Task description: Only the lines running from the line with "Sterling Silver Abstract Wave Ring" to the end of the listing below should be copied, exactly, without pictures.

Collected material:
'''
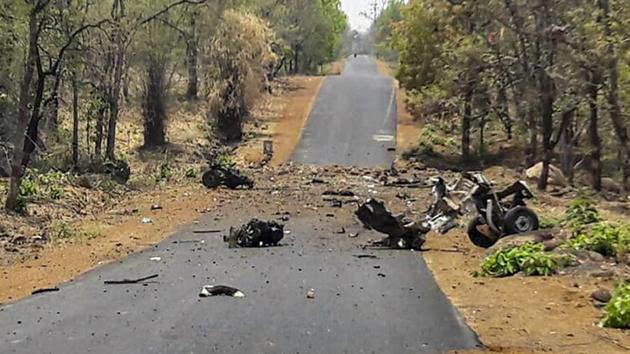 Fifteen jawans of C-60, an anti-Maoist squad of Gadchiroli police, and a driver were killed in a powerful landmine blast on Wednesday on Dadapur Road in Gadchiroli district, Maharashtra. The improvised explosive device blast is believed to be a retaliation after 40 Maoists were gunned down by security forces on April 22 last year near Bhamragarh in the district. (PTI) Fifteen jawans of C-60, an anti-Maoist squad of Gadchiroli police, and a driver were killed in a powerful landmine blast on Wednesday on Dadapur Road in Gadchiroli district, Maharashtra. The improvised explosive device blast is believed to be a retaliation after 40 Maoists were gunned down by security forces on April 22 last year near Bhamragarh in the district. (PTI)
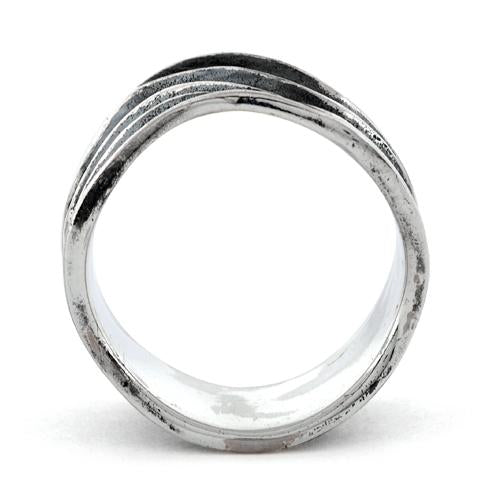 Sterling Silver Abstract Wave Ring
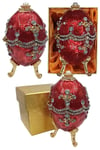 RusyaDünyadan HediyelerDNY-HD100409Keskin Hediyelik Eşya Ve TekstilFaberge Yumurta Swarovski Taşlı Lüks Mücevher Kutusu Kırmızı 9 cm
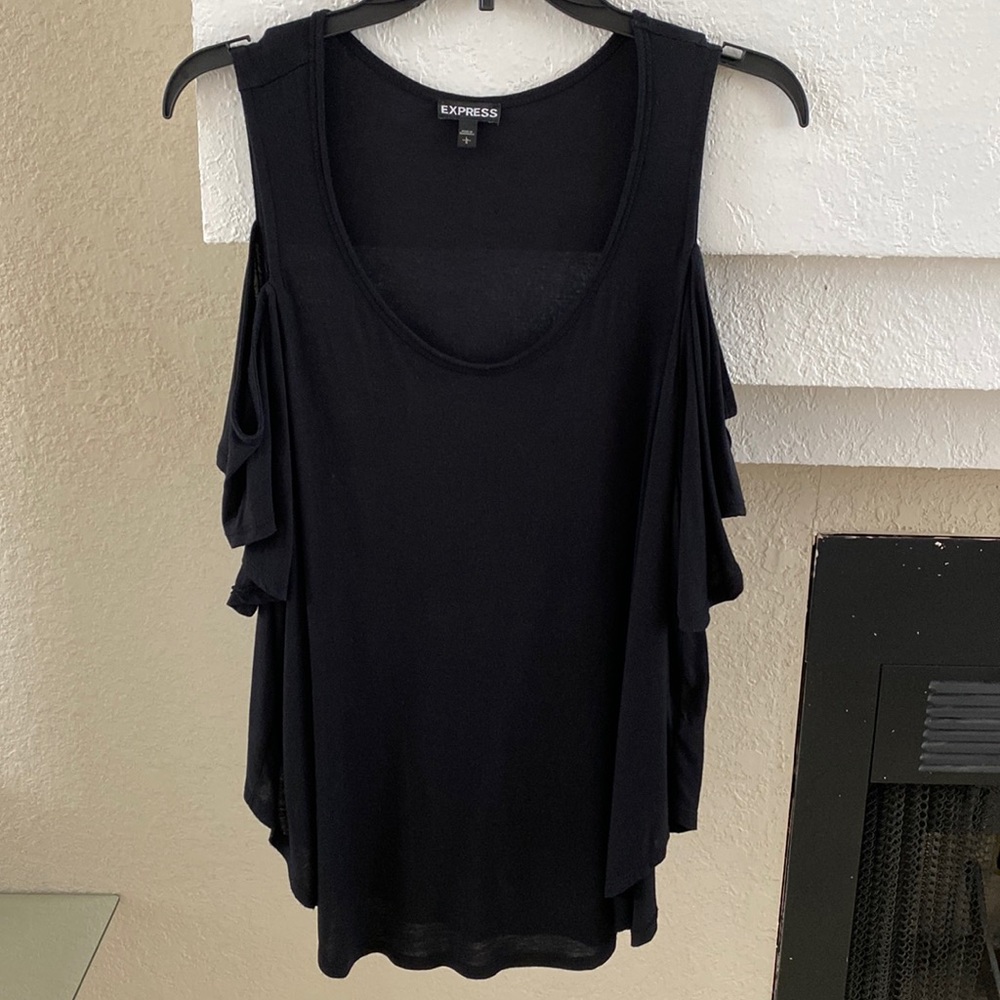 Express Black Cold Shoulder Top Size Large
'''
Solution for this exercise:
 Sterling Silver Abstract Wave Ring
 RusyaDünyadan HediyelerDNY-HD100409Keskin Hediyelik Eşya Ve TekstilFaberge Yumurta Swarovski Taşlı Lüks Mücevher Kutusu Kırmızı 9 cm
 Express Black Cold Shoulder Top Size Large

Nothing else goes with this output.